Fiji stood out in Samoa so far and this spirit shall prevail.

Rajnesh Ishwar Lingam, Nadawa, Nasinu

Nadi Back Rd bridge

Some time back we were advised that the Nadi Back Rd bridge would be closed for maintenance.

However, months have gone by and no word on progress.

So out of curiosity the other day I took a drive out there and was surprised to see no workers on site at all.

Would the FRA please advise us about the status of that bridge?

We motorists are now burning up extra fuel just to get to the other side.

Norman Yee, Mehrotra Place, Martintar, Nadi

Police clearance

This sister of mine went to LTA Tavua to apply for group 3 and 4 license on Monday.

She was told that she needed a police clearance.

Straight to Tavua Police Station she went where she was told that they always do the clearance only in the morning.

On Tuesday, before 9am, she went back to the station.

They told her that the officer who was in charge had already left for Ba.

She went to Ba Police Station and the officer there told her that the officer had just left and to come again the next day.

Now yesterday she had to apply for leave only to wait for the officer in charge.

Mereseini Taukave, Tavua

Reckless driver

At 7.26am (10/07), a tourist tour company minibus turned from a Martintar junction with speed and nearly collided with a bus.

It went and parked at a hotel on the other side which was less than 100metres away.

The minibus has registration alphabets HR.

Maybe this reckless driver thinks that the two alphabets stand for “Horse Ride”.

Mohammed Imraz Janif, Natabua, Lautoka

Kiwis arrive for battle

The NZ Maori team, which arrived in Fiji, boasts a powerful forward pack and a dynamic set of fly halves.

The side consists of eight players from the Highlanders, six from the Chiefs, five from the Hurricanes and Blues, and two from the champion Crusaders outfit.

These players have been given an opportunity to prove themselves before the final All Blacks team is named for the ultimate battle in the land of the rising sun.

The Flying Fijians have tasted the heat from the sand dunes and John McKee is confident of an upset.

The Maori had the last laugh at Churchill Park in 2008 in the Pacific Nations Cup, winning 11-7 so a lot is at stake for the Flying Fijians against the Maori boasting names in Ash and Elliot Dixon, Harris, Wright, Leawere (the son of Kele Leawere), Douglas, Ioane, Hall, Ruru, Tahuriorangi, Black, Walden, Stevenson and Wainui.

When the dust settles, I’d love to see the hosts end the losing streak against the NZ Maori.

Toso Viti toso, tovolea mada boys, keitou sa rawata!

Rajnesh Ishwar Lingam, Nadawa, Nasinu

Barking dogs

The other day a friend asked me what the law said about barking dogs.

I presumed that he meant the nuisance dogs created when they bark incessantly at night.

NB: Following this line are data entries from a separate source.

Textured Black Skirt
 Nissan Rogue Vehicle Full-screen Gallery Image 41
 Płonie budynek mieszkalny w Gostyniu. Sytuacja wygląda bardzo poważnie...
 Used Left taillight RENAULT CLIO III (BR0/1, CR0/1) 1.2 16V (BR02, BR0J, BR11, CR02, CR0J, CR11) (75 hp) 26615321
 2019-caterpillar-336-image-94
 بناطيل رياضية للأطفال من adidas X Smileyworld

Yes, they can be a nuisance especially when a neighbour chooses to ignore the barking of a dog or dogs do all night.

Many dogs will bark at anything that goes past their compound.

They give unsuspecting people an almighty shock that can anger some people.

During mating season, if dogs are loose, they will follow the female dog for miles, fighting and they become a danger to pedestrians.

But back to the point — what can a person do about dogs that bark all night.

Anyway, I have seen the law.

Several years ago I had written that owners of dogs that barked unnecessarily should be punished by having a gadget clipped around their neck which will give them an electrical shock every time their dog barked.